**WHAT YOU ARE ASKED TO DO**
Repeat the listing exactly, line by line, and leave the pictures behind.

**INFORMATION SHOWN**
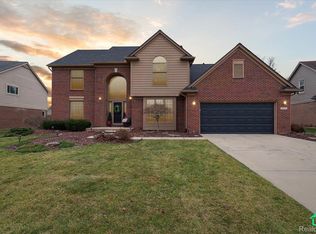 51171 W Hills Dr, Plymouth, MI 48170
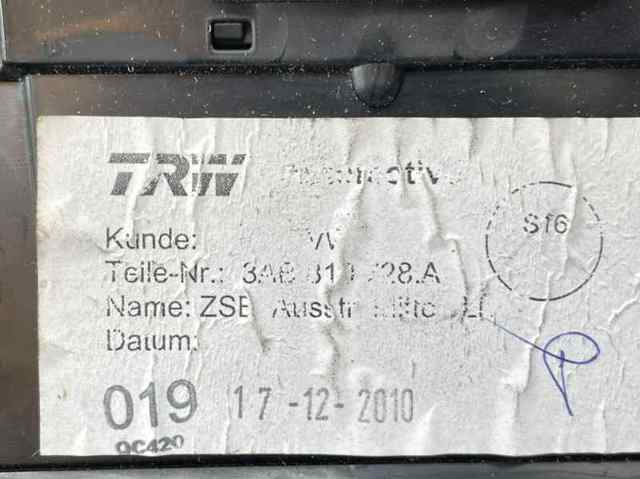 3AB819728A VAG Решетка вентиляции салона на "торпедо" купить в Житомир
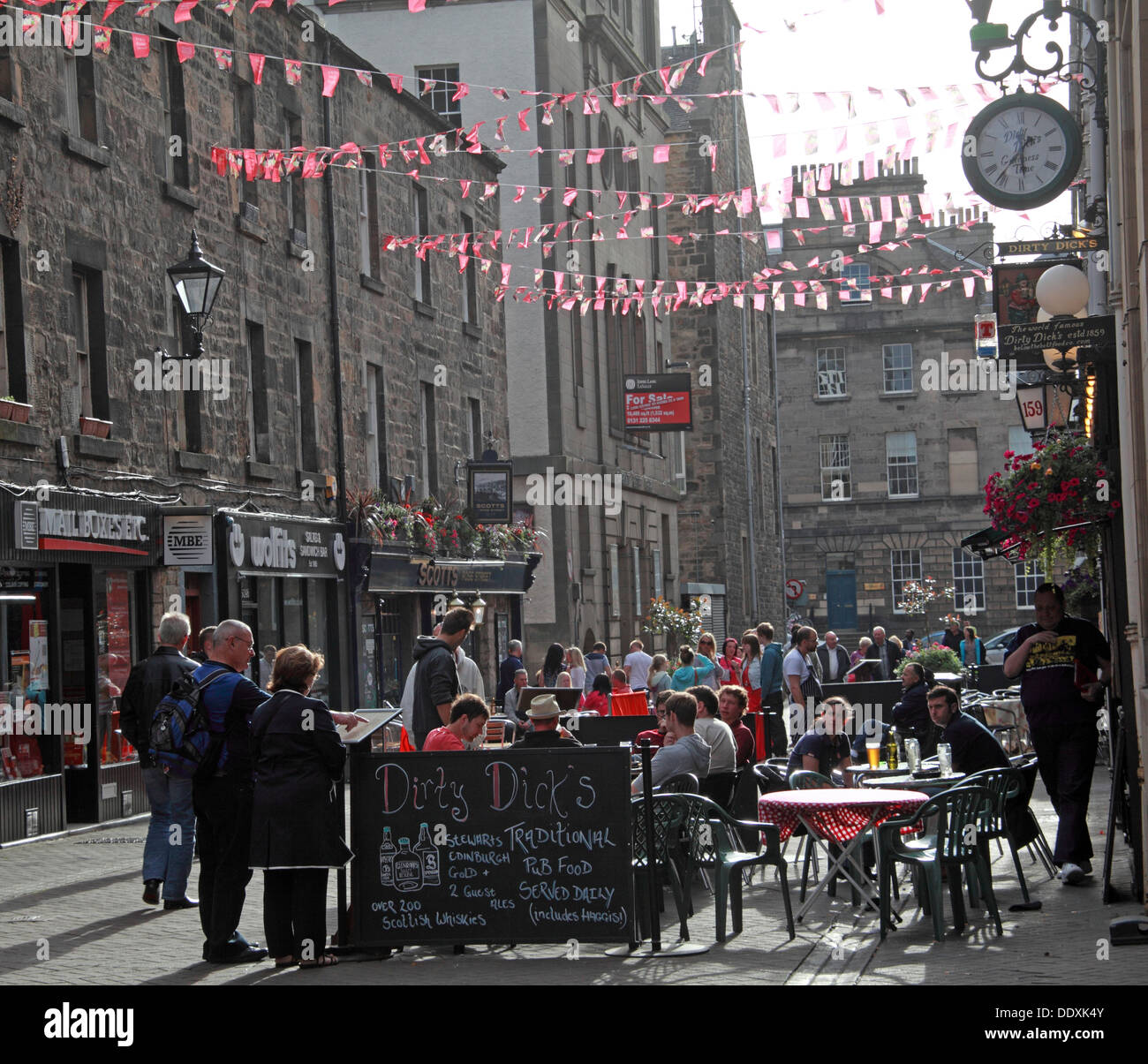 Rose Street, Edinburgh, Ecosse, Royaume-Uni un endroit pour boire,manger,partie Banque D'Images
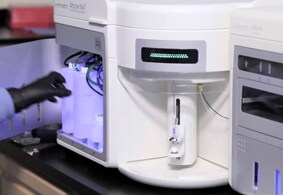 How a Flow Cytometer Works | Thermo Fisher Scientific - CN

**EXERCISE SOLUTION**
 51171 W Hills Dr, Plymouth, MI 48170
 3AB819728A VAG Решетка вентиляции салона на "торпедо" купить в Житомир
 Rose Street, Edinburgh, Ecosse, Royaume-Uni un endroit pour boire,manger,partie Banque D'Images
 How a Flow Cytometer Works | Thermo Fisher Scientific - CN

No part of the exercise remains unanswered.